--- START ---
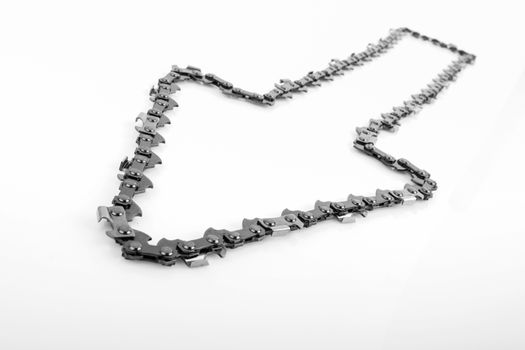 metal chain saw pattern background on white  background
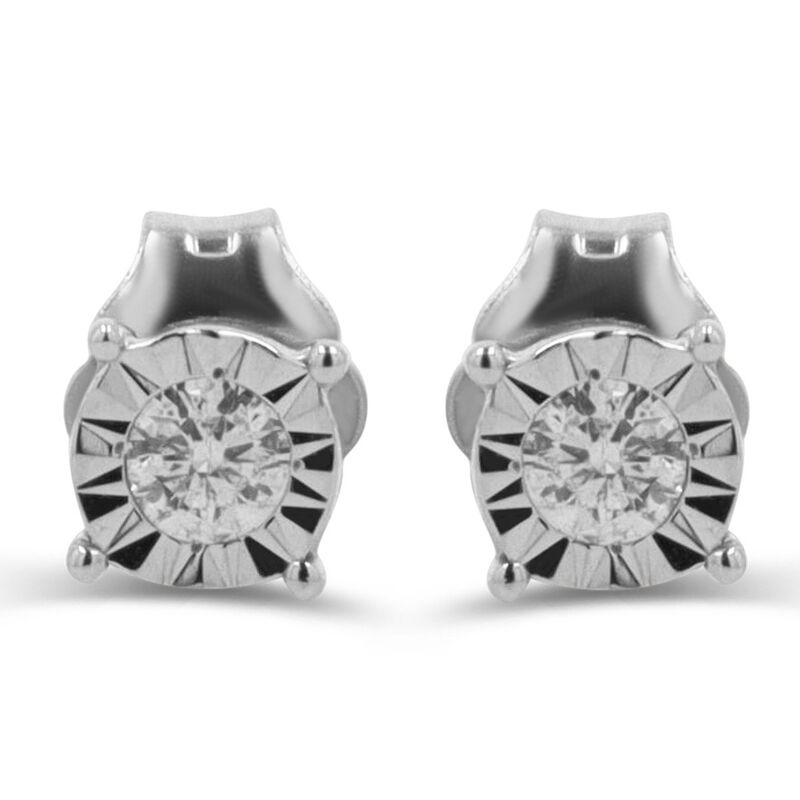 Broqueles Oro Blanco 10k 15 Pts Diamante | Joye... image number null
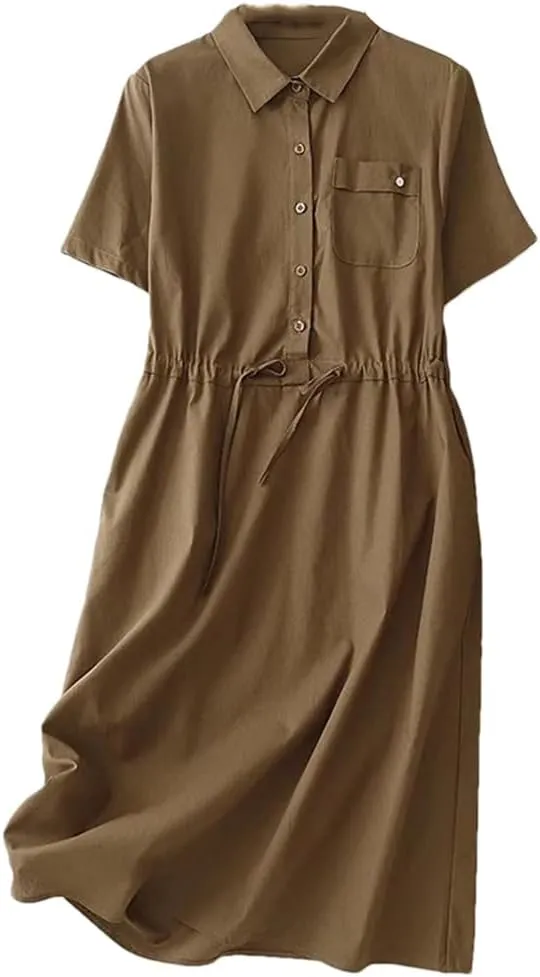 Office Lady Shirt Dresses Summer Drawstring Pockets Midi Dress Solid Vintage Daily Streetwear Dresses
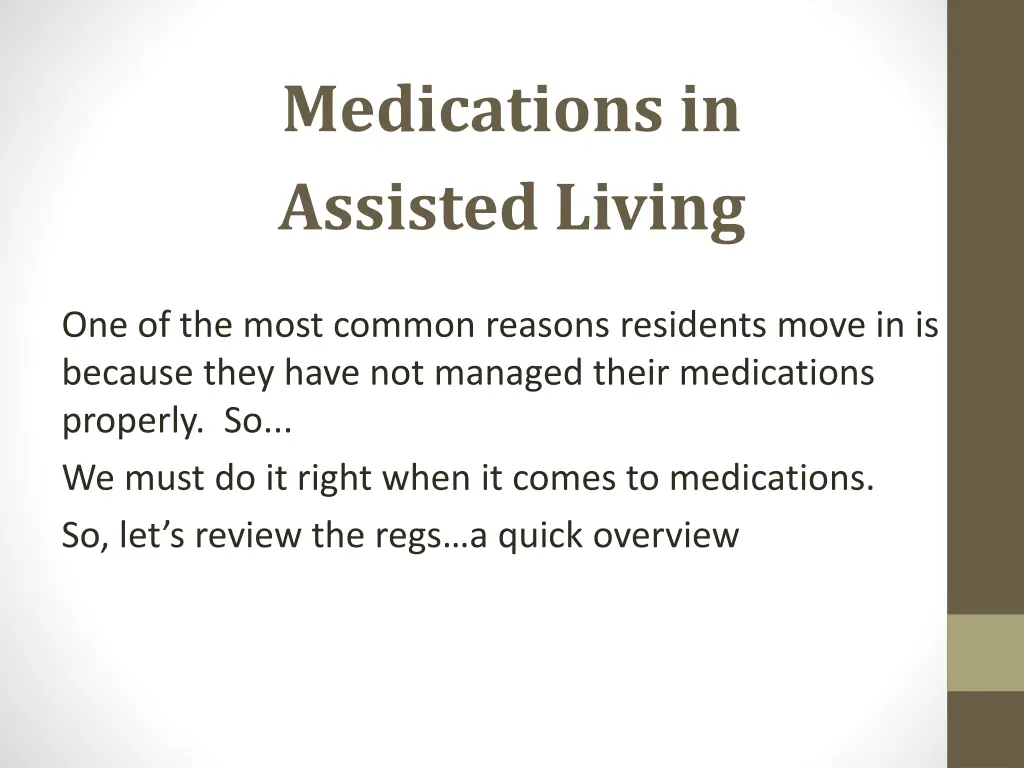 medications in assisted living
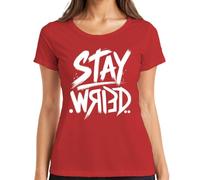 Stay Weird Skater Streetwear Hipster Vintage - Camiseta para mujer, rojo, 3XL
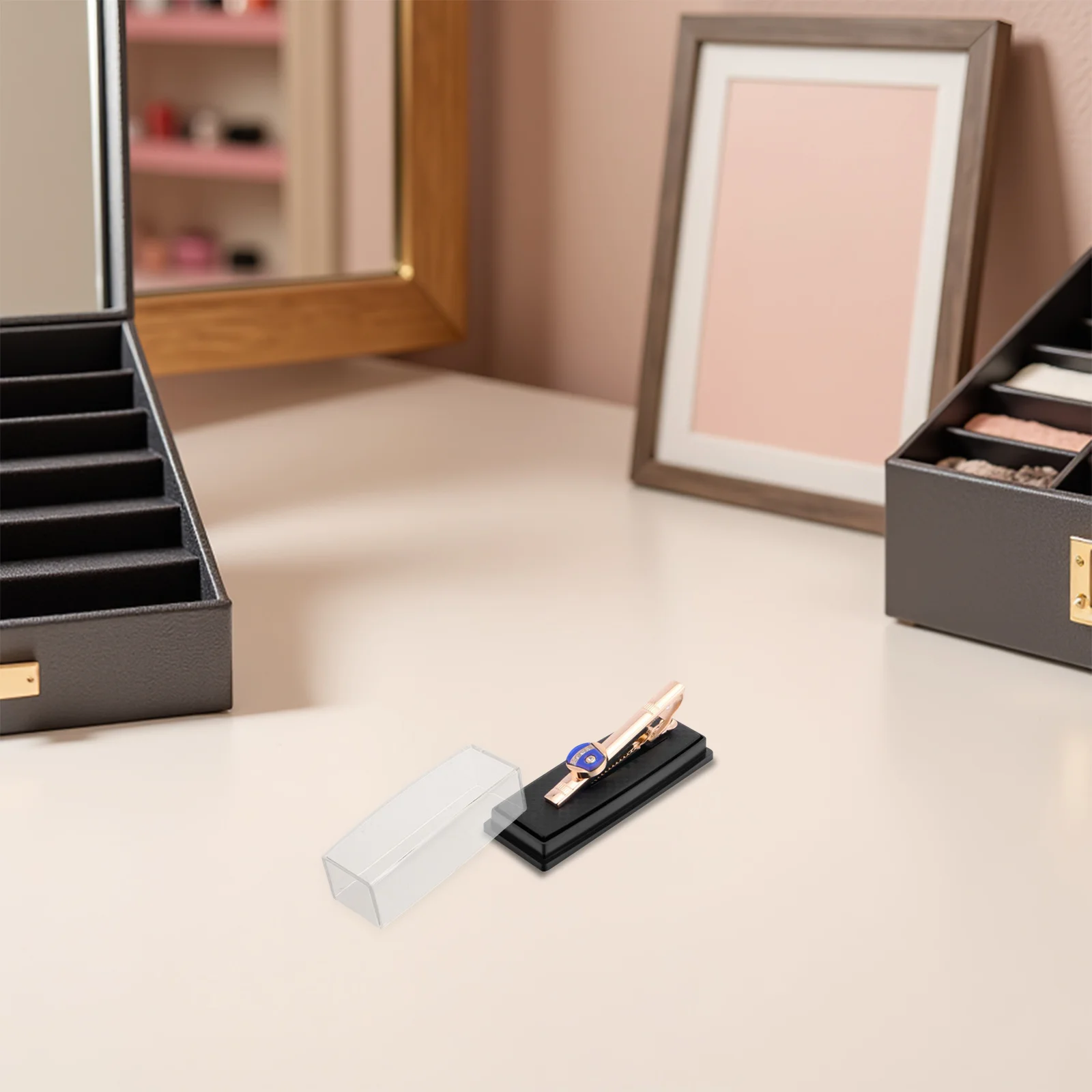 

5Pcs Plastic Tie Clip Storage Box Transparent Organizer Clear Lid Display Case for Travel Cufflink Clip Packaging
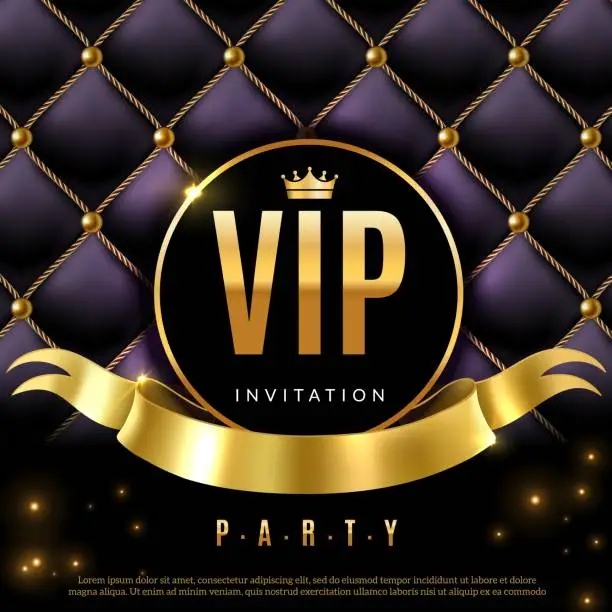 Vector illustration of VIP. Luxury invitation coupon certificate with golden letters, exclusive and elegant logo membership in prestige club vector background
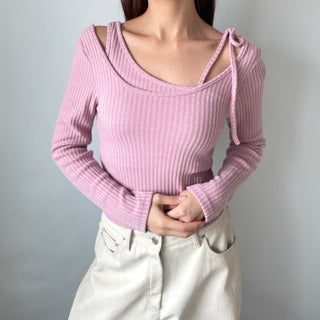 Three-way Layered Off-shoulder Asymmetrical T-shirt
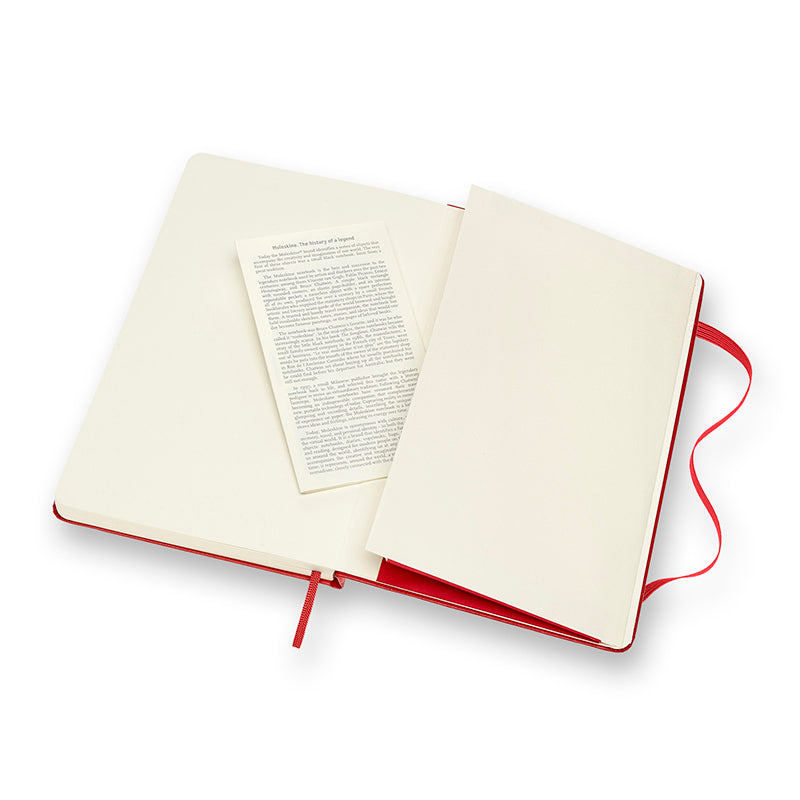 Notesbog Moleskine large rød m/240 linjerede ark hard cover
--- END ---
Each line of the data needs to be output exactly, with any image excluded.

 metal chain saw pattern background on white  background
 Broqueles Oro Blanco 10k 15 Pts Diamante | Joye... image number null
 Office Lady Shirt Dresses Summer Drawstring Pockets Midi Dress Solid Vintage Daily Streetwear Dresses
 medications in assisted living
 Stay Weird Skater Streetwear Hipster Vintage - Camiseta para mujer, rojo, 3XL

5Pcs Plastic Tie Clip Storage Box Transparent Organizer Clear Lid Display Case for Travel Cufflink Clip Packaging
 Vector illustration of VIP. Luxury invitation coupon certificate with golden letters, exclusive and elegant logo membership in prestige club vector background
 Three-way Layered Off-shoulder Asymmetrical T-shirt
 Notesbog Moleskine large rød m/240 linjerede ark hard cover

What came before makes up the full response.